Peaks that are present in sample Chromatof files, but not present in the seed file will be added to the alignment table and searched for in other sample files only if they have a similarity score less than that specified by the dissimilarityCutoff flag (defaults 90 less than the similarityCutoff) for all other peaks already present in the alignment table. It's important that the dissimilarityCutoff is significantly less than the similarityCutoff so the same peaks aren't split over multiple rows in the alignment table. We've found this is a major source of missing data in other aligners.
After all alignments are completed the alignment table will be trimmed to only peaks that were successfulled found in a greater or equal fraction of the samples than that specified by the missingValueLimit flag (defaults to 0.75). If the missingPeakFinderSimilarityLax flag is less than 1 (typical range 0.75-1), the function will perform a second pass alignment on the missingValueLimit trimmed alignment table looking for the missing peaks in samples at a relaxed fraction of the initial similarityCutoff. We've found that these peaks are usually not truly missing in samples, rather they simply had a similarity score that fell just below the initial similarityCutoff threshold.
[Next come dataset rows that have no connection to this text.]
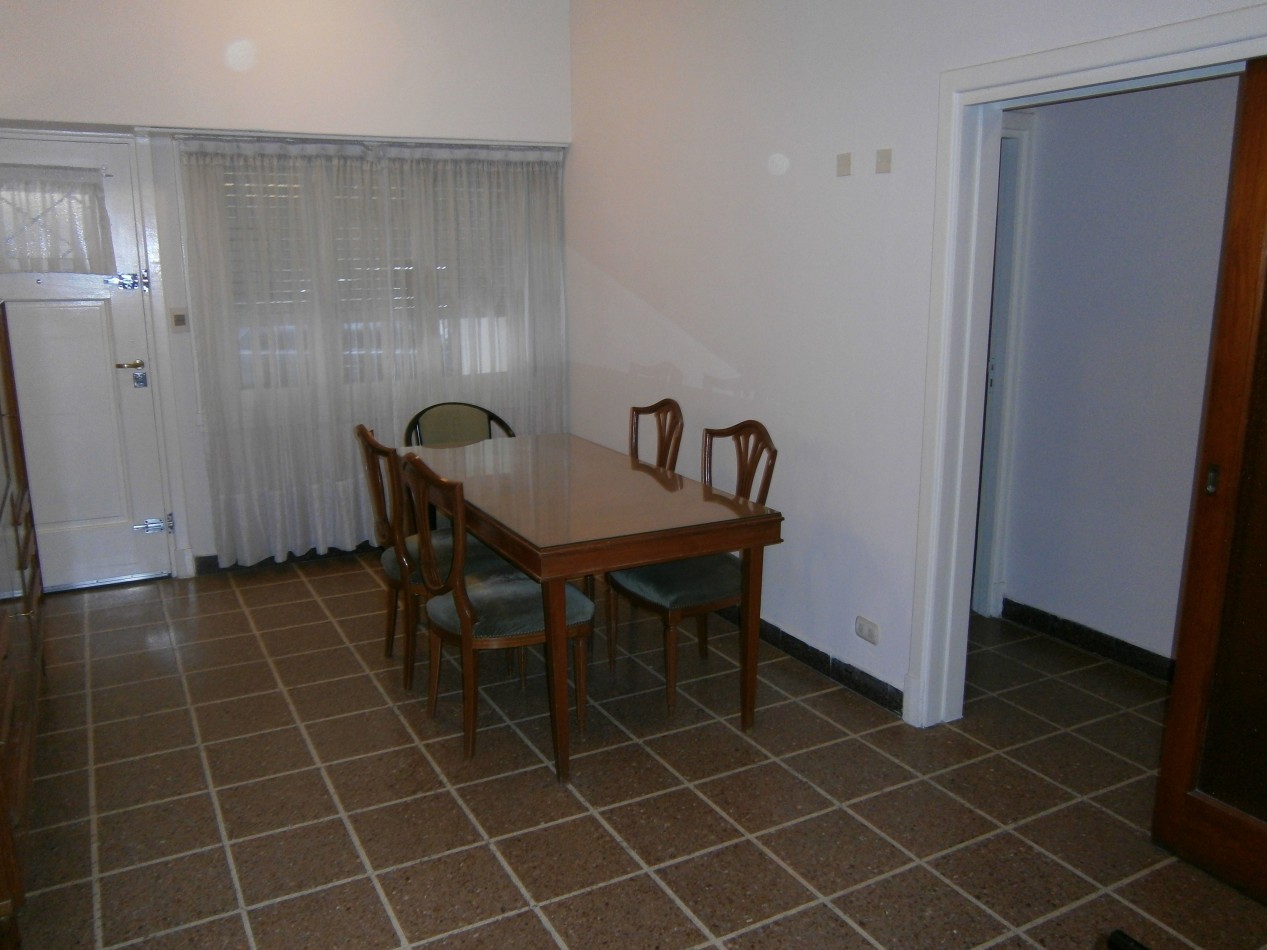 Oficina con vivienda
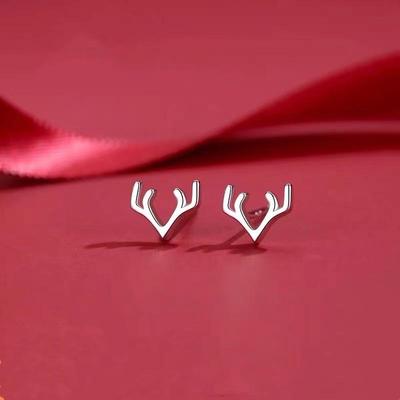 Ohrstecker aus Sterlingsilber S925 mit Geweih für Damen - Niedliche Mini-Hirsche Weihnachten 2024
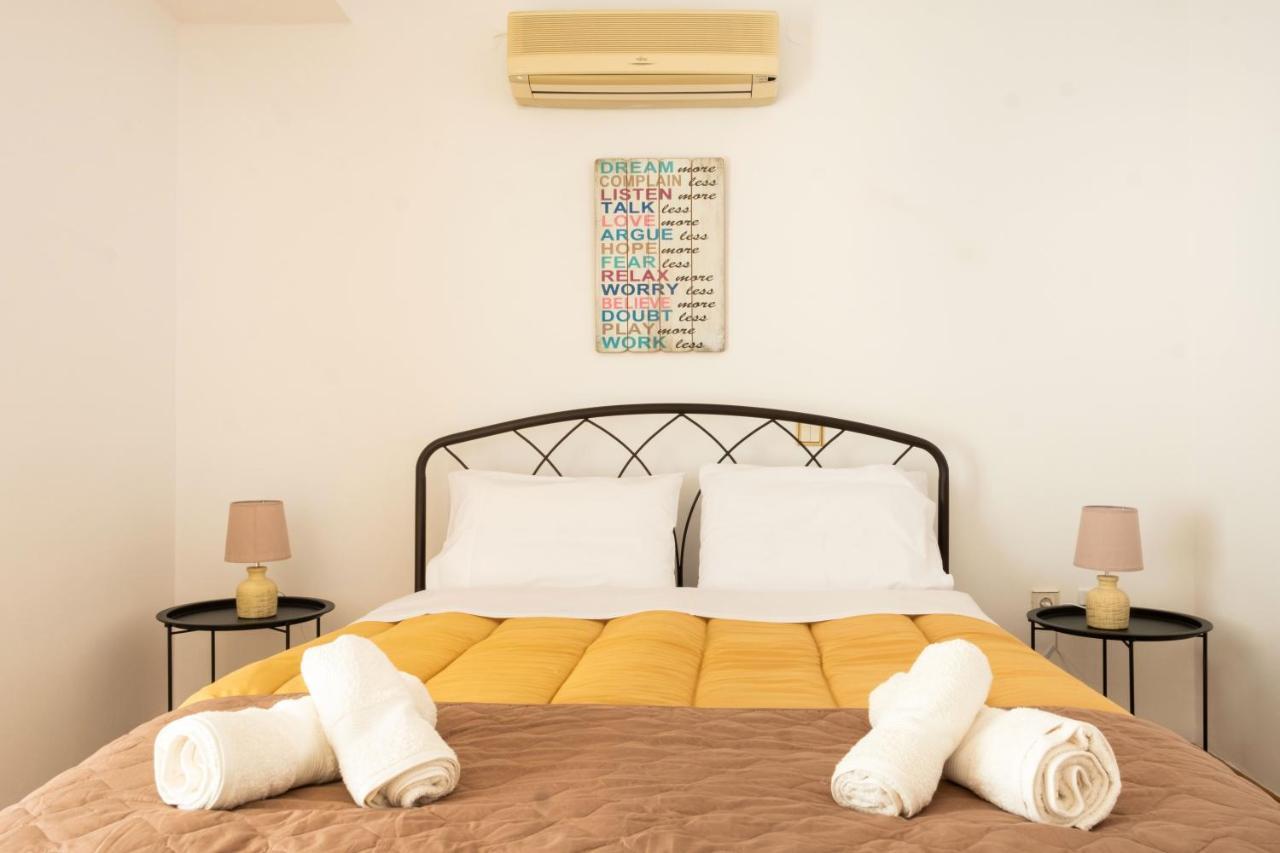 The Home Sweet Home - Family Friendly 2 Floor Apartment 칼라마타 외부 사진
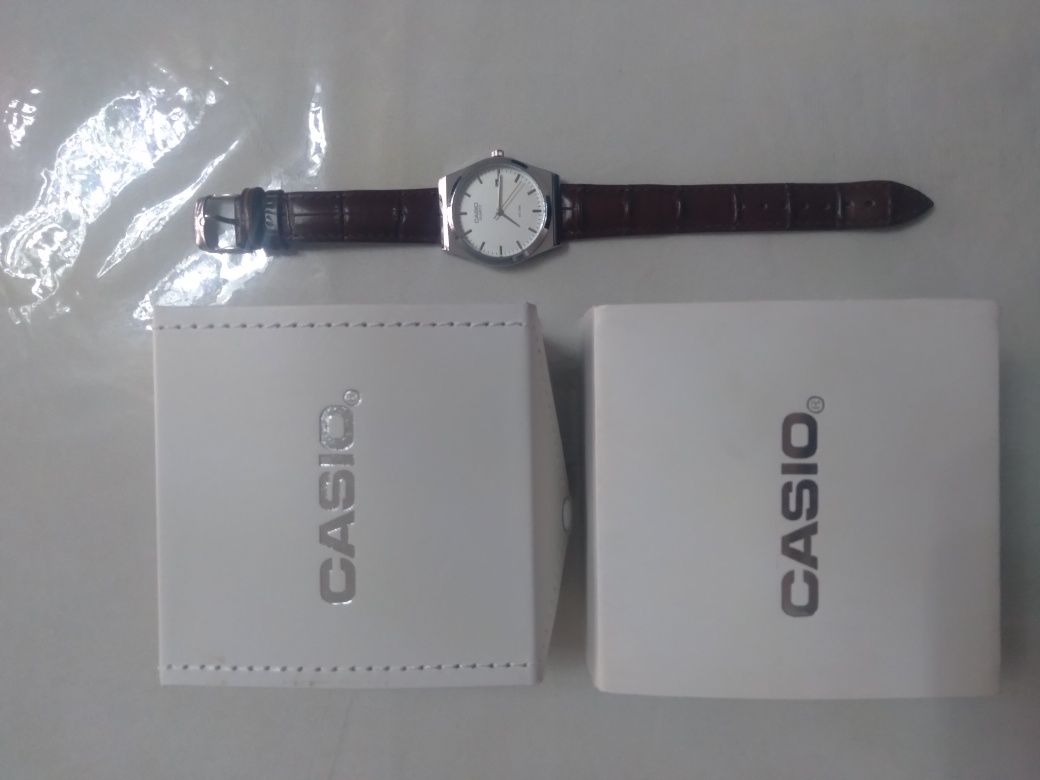 Casio brendining Casio MTP-V002L klassik analog kvarts soati.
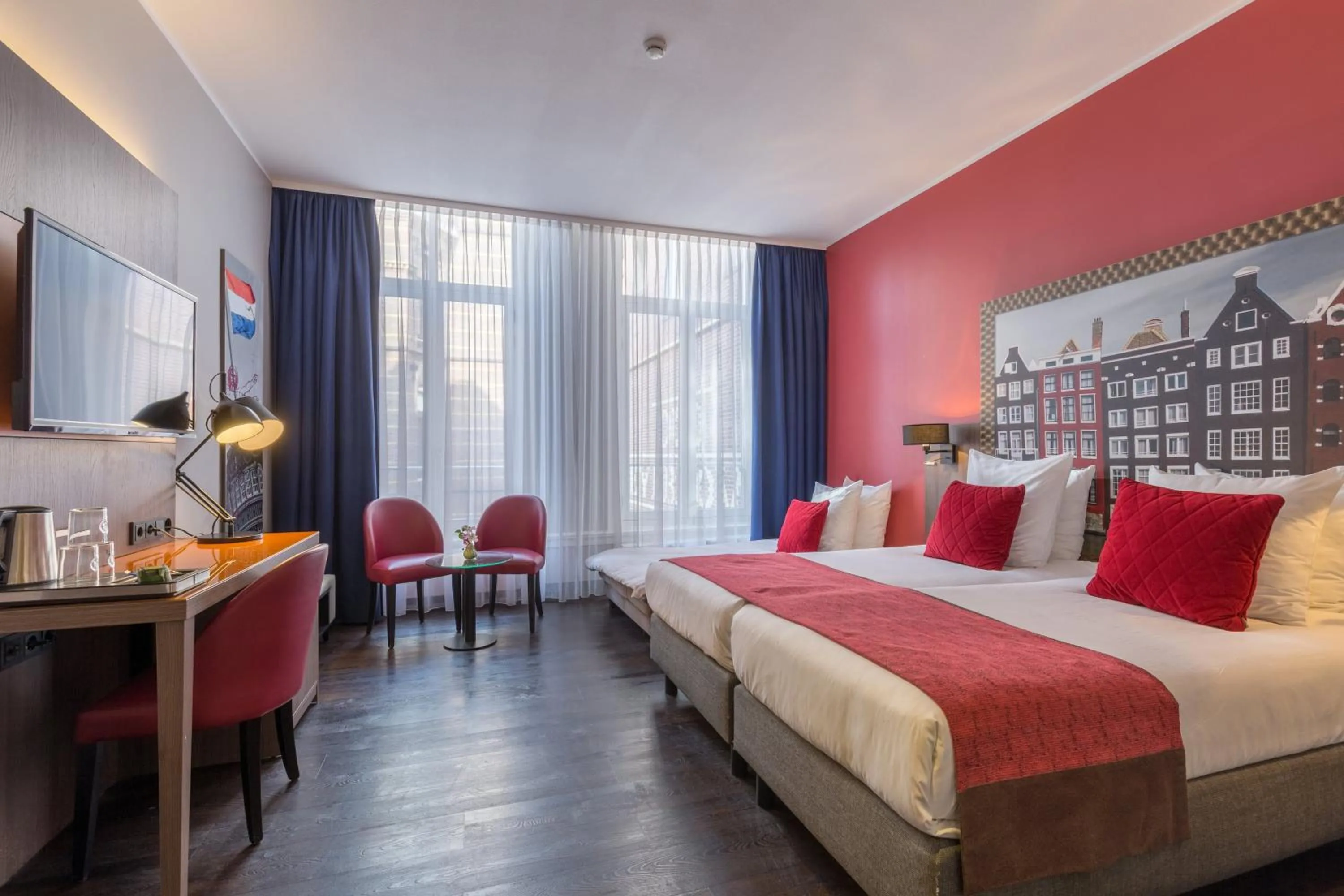 Photo of the whole room, Bed in Leonardo Boutique Hotel Amsterdam Vondelpark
Specifying a seed file to which we compare all other sample files greatly reduces the number of pairwise comparisons necessary for alignment, allowing us to conduct threshold free alignments instead of specificying retention time or spectral match thresholds like many other aligners. However, a disadvantage to this approach is that alignments have the potential to be biased based on the specified seed file. To address this the user can provide multiple seed files to the seedFile flag as a vector (3 is usually sufficient depending on the number of total sample files). If more than one seed file is provided, the alignment will be performed with each seed file and only aligned peaks with greater 50% of peaks consistent across all alignments will be outputted. Variable sample values are assigned a median value from all alignments.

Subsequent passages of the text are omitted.